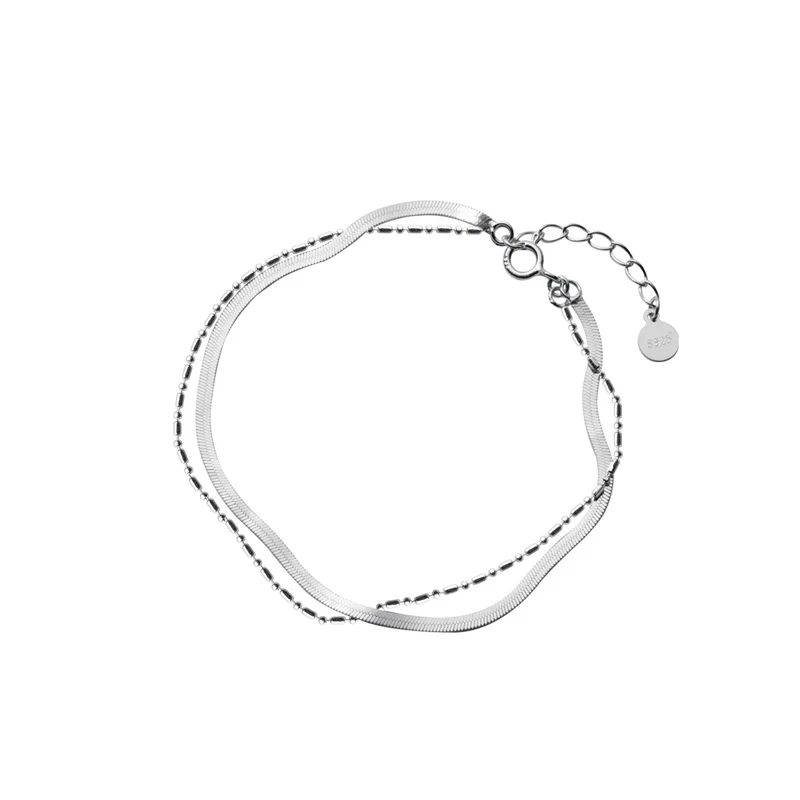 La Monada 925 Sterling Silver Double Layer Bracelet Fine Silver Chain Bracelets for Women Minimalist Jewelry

...

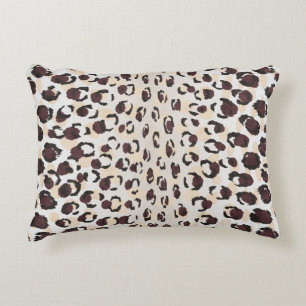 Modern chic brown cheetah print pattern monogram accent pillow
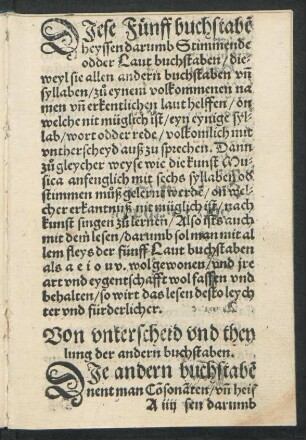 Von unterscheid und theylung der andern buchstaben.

* _TASK BRIEF_: Exactly the lines above, from the one containing "Modern chic brown" down to the one containing "Von unterscheid und", are to be repeated, including both ends. Pictures are not part of the copy.

* _OUTPUT FOR THIS EXERCISE_:
 Modern chic brown cheetah print pattern monogram accent pillow
 Von unterscheid und theylung der andern buchstaben.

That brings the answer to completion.